Speaker: Richard Guo, Stas Lab, University of Cambridge
Abstract: Many modern statistical procedures are randomized in the sense that the output is a random function of data. For example, many procedures employ data splitting, which randomly divides the dataset into disjoint parts for separate purposes. Despite their flexibility and popularity, data splitting and other constructions of randomized procedures have obvious drawbacks. First, two analyses of the same dataset may lead to different results due to the extra randomness introduced. Second, randomized procedures typically lose statistical power because the entire sample is not fully utilized.
To address these drawbacks, in this talk, I will study how to properly combine the results from multiple realizations (such as through multiple data splits) of a randomized procedure. I will introduce rank-transformed subsampling as a general method for delivering large sample inference of the combined result under minimal assumptions. I will illustrate the method with three applications: (1) a “hunt-and-test” procedure for detecting cancer subtypes using high-dimensional gene expression data, (2) testing the hypothesis of no direct effect in a sequentially randomized trial and (3) calibrating cross-fit “double machine learning” confidence intervals. For these problems, our method is able to derandomize and improve power. Moreover, in contrast to existing approaches for combining p-values, our method enjoys type-I error control that asymptotically approaches the nominal level.
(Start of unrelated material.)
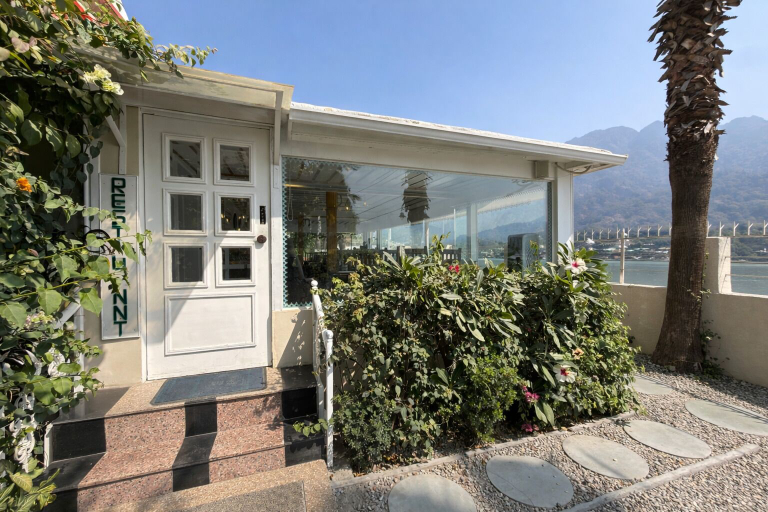 Exterior & Views 2, Yog Niketan by Sanskriti, Garhwal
This new development opens up the possibility of designing procedures that explicitly randomize and derandomize: extra randomness is introduced to make the problem easier before being marginalized out.
This talk is based on joint work with Rajen Shah.
Speaker bio: Richard Guo is a research associate in the Statistical Laboratory at the University of Cambridge, mentored by Prof. Rajen Shah. Previously, he was the Richard M. Karp Research Fellow in the 2022 causality program at the Simons Institute for the Theory of Computing. He received his PhD in Statistics from University of Washington in 2021, advised by Thomas Richardson. His research interests include graphical models, causal inference, semiparametric methods and replicability of data analysis. Dr. Guo will start as an assistant professor in Biostatistics at University of Washington in January 2024.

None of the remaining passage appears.